▶ [EXERCISE DETAILS]:
All of the data should be repeated exactly; pictures are not part of the copy.

▶ [THE DATA]:
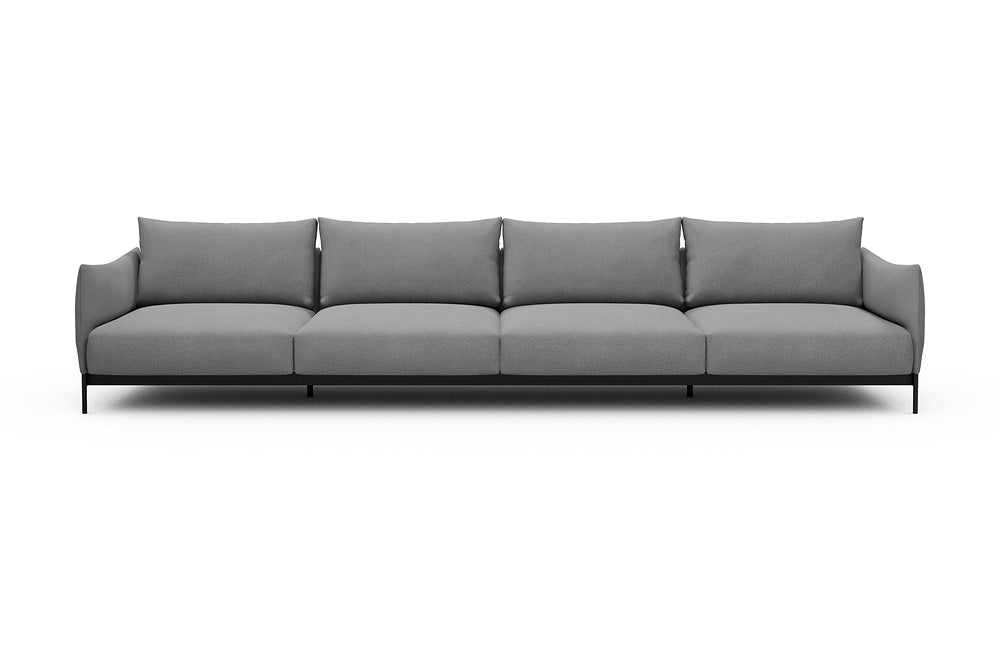 Kayto Modular Sofa - C4 - 385 x 100 cm - 4 Seater - 764 Cura Sand Grey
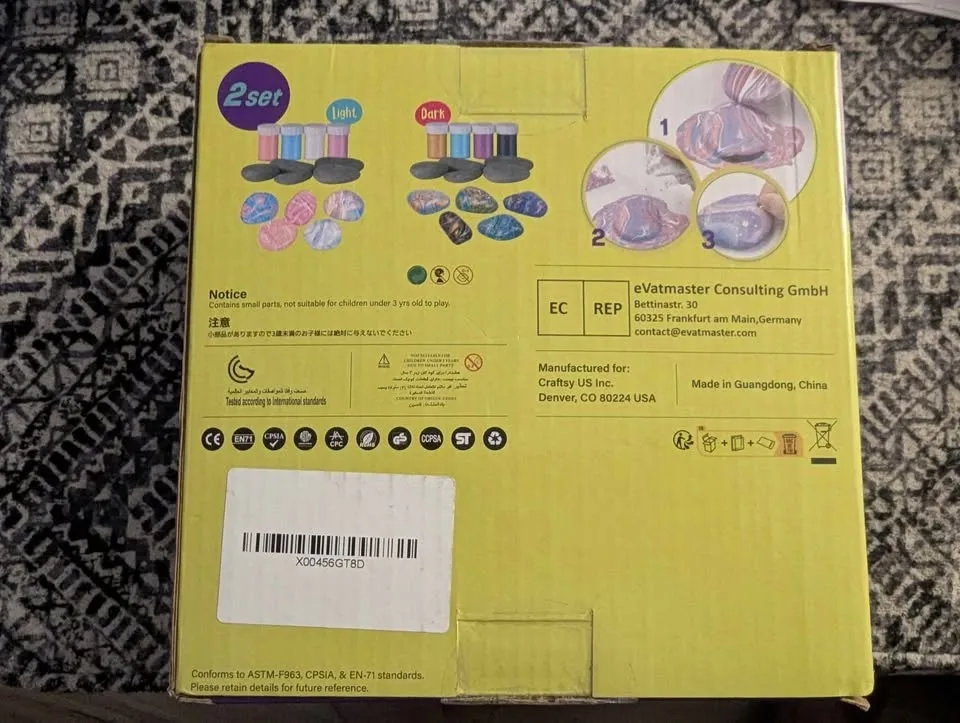 Rock pouring kit make your own rocks art kit brand new image indicator(2)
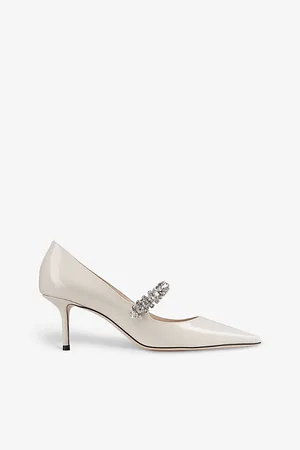Jimmy Choo Womens Bing 65 Crystal-Embellished Patent-Leather Pumps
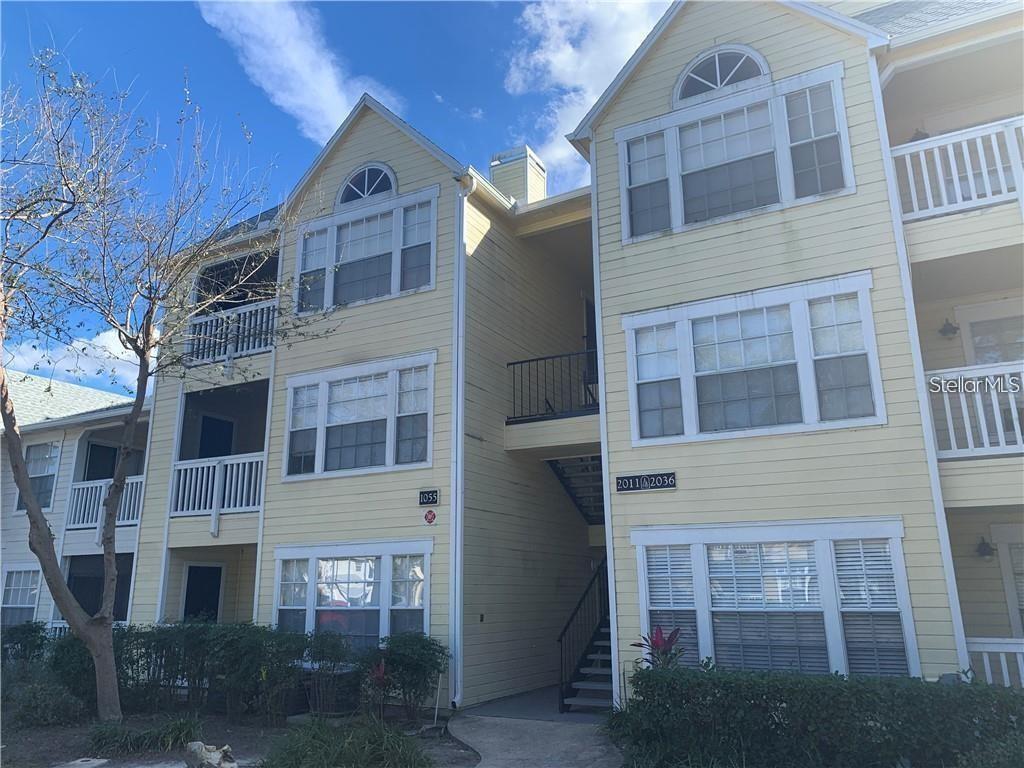 a large building with a large windows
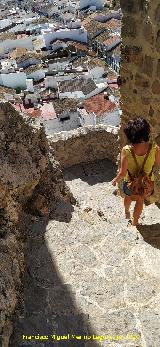 Castillo de Olvera. Escaleras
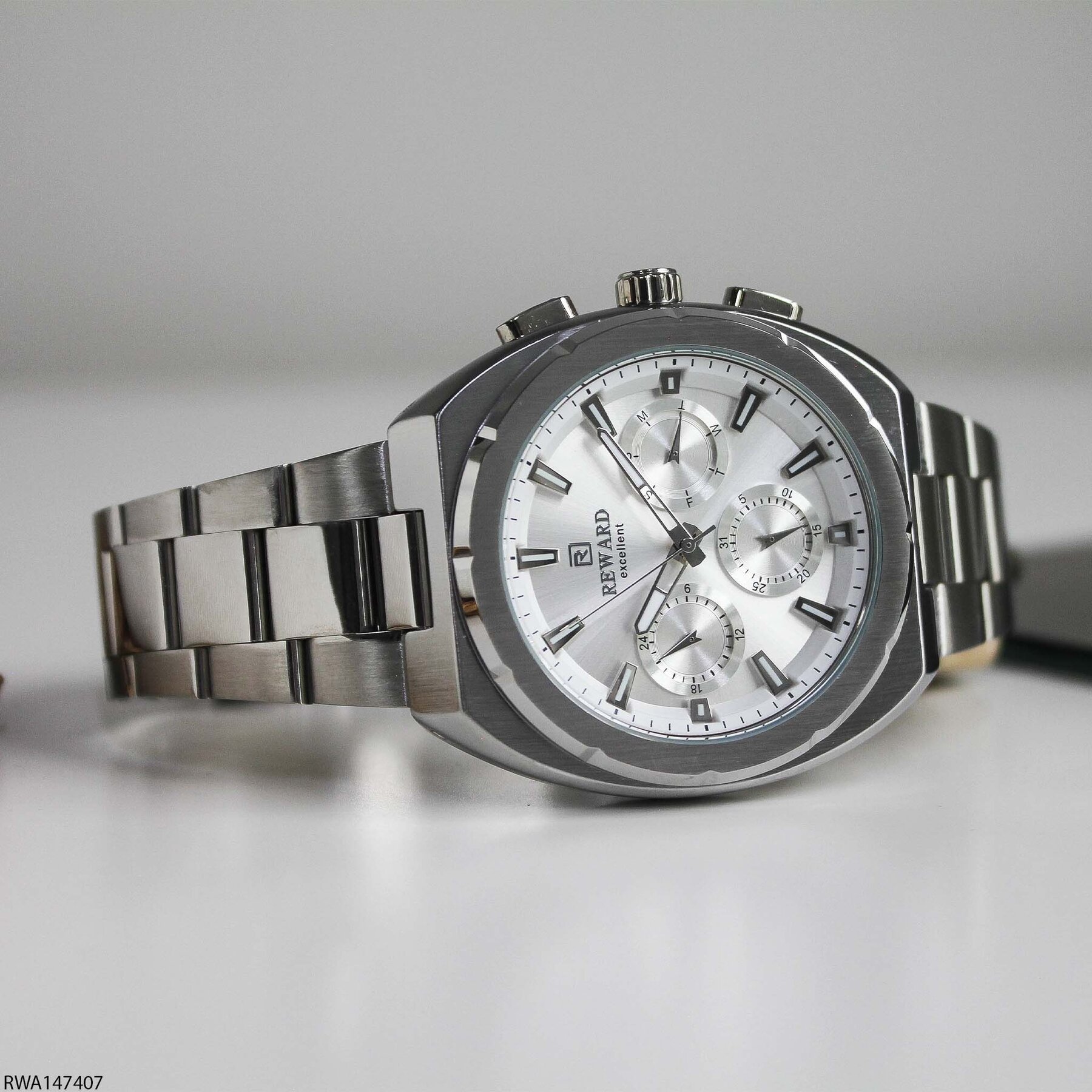 Reward RWA147407 Çelik Kordonlu Erkek Kol Saati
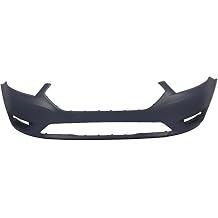 Front Bumper Cover Compatible with Taurus 2013-2019 without Park Assist Sensor Cut-out Primed Black Replacement DG1Z17D957AAPTM FO1000666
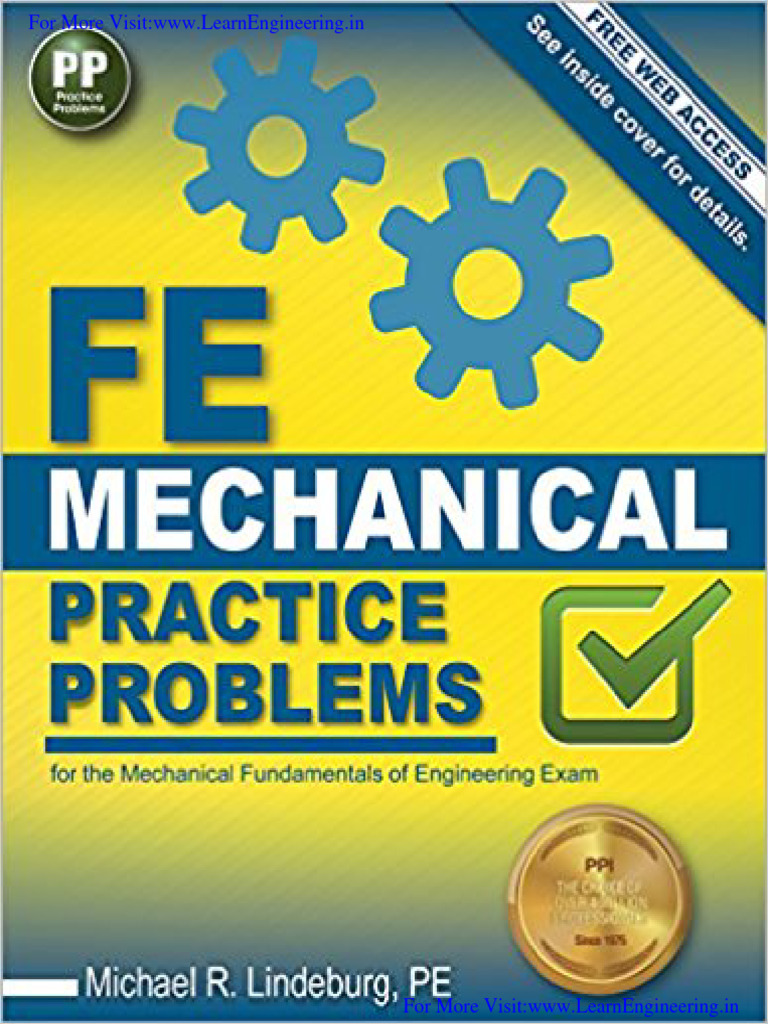 FE Mechanical Practice Problems For The Mechanical Fundamentals of ...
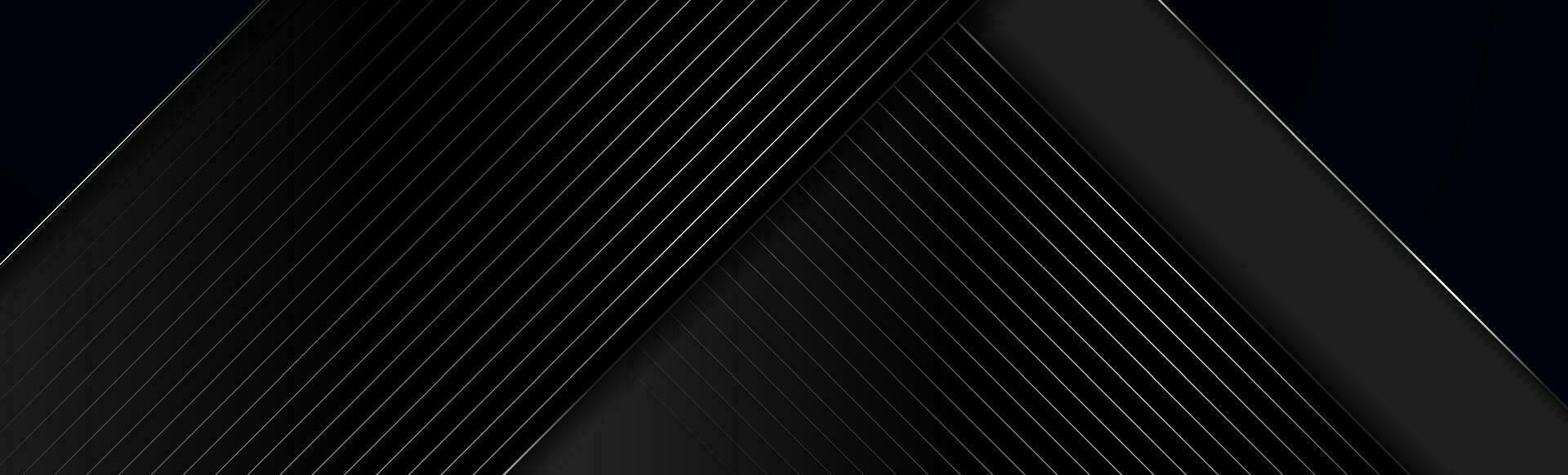 Black and grey metallic abstract tech geometric background vector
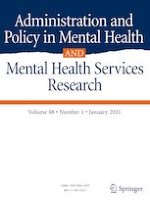Administration and Policy in Mental Health and Mental Health Services Research 1/2021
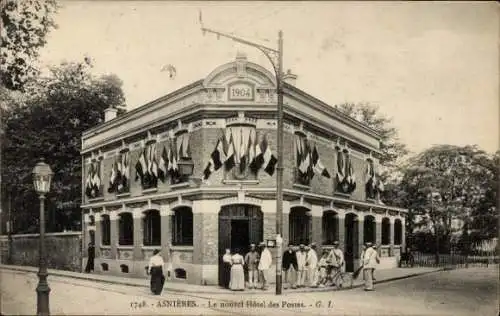 Ak Asnières-sur-Seine Hauts-de-Seine, neues Hôtel des Postes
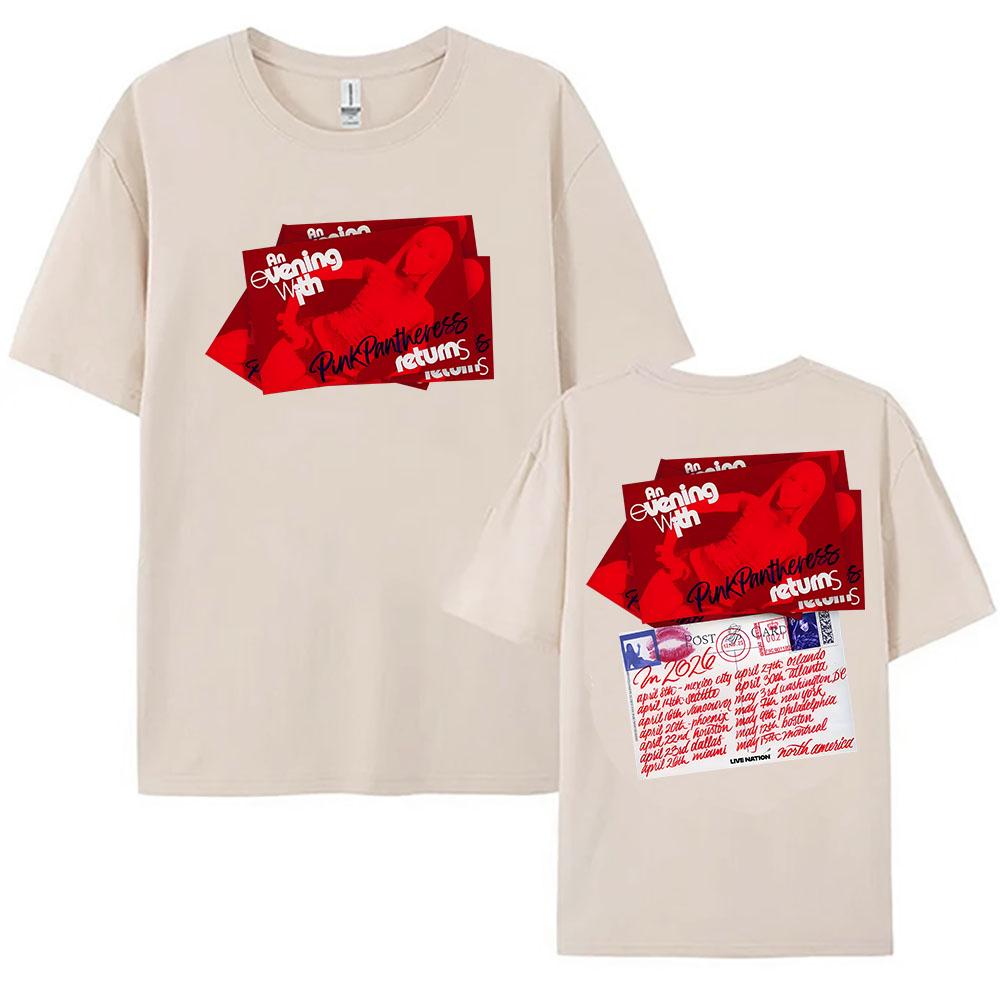

An Evening with PinkPantheress Tour Into Spring 2026 T-shirt Short Sleeve Cotton Tshirts Casual Loose Unisex T Shirt Tees XS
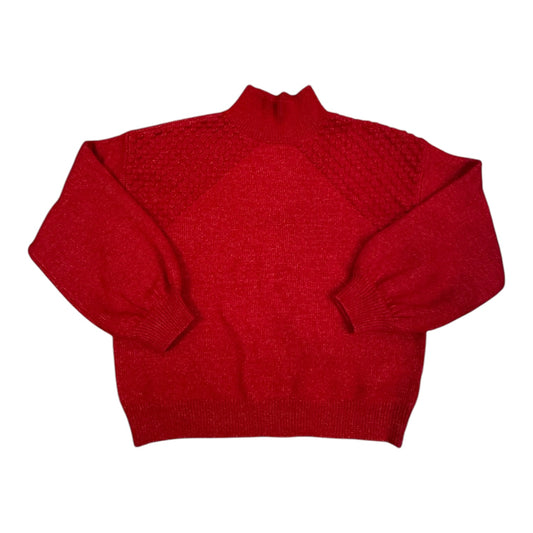 Sweater By Nine West In Red, Size: L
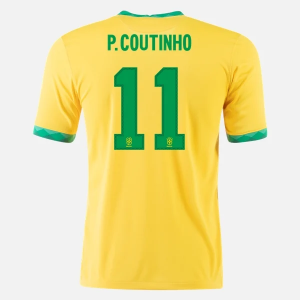 Brazil Philippe Coutinho 11 Domaći Nogometni Dres 20-21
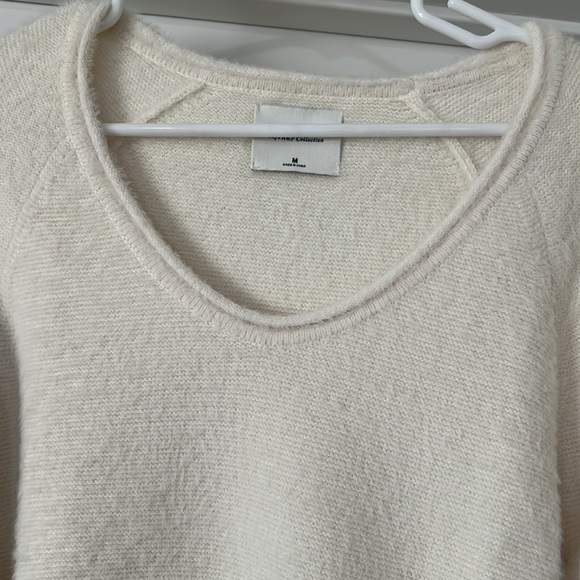 A&F | soft A&F collection cozy scoop next sweater - ivory - Picture 3 of 4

▶ [WRITTEN ANSWER]:
 Kayto Modular Sofa - C4 - 385 x 100 cm - 4 Seater - 764 Cura Sand Grey
 Rock pouring kit make your own rocks art kit brand new image indicator(2)
Jimmy Choo Womens Bing 65 Crystal-Embellished Patent-Leather Pumps
 a large building with a large windows
 Castillo de Olvera. Escaleras
 Reward RWA147407 Çelik Kordonlu Erkek Kol Saati
 Front Bumper Cover Compatible with Taurus 2013-2019 without Park Assist Sensor Cut-out Primed Black Replacement DG1Z17D957AAPTM FO1000666
 FE Mechanical Practice Problems For The Mechanical Fundamentals of ...
 Black and grey metallic abstract tech geometric background vector
Administration and Policy in Mental Health and Mental Health Services Research 1/2021
 Ak Asnières-sur-Seine Hauts-de-Seine, neues Hôtel des Postes

An Evening with PinkPantheress Tour Into Spring 2026 T-shirt Short Sleeve Cotton Tshirts Casual Loose Unisex T Shirt Tees XS
 Sweater By Nine West In Red, Size: L
 Brazil Philippe Coutinho 11 Domaći Nogometni Dres 20-21
 A&F | soft A&F collection cozy scoop next sweater - ivory - Picture 3 of 4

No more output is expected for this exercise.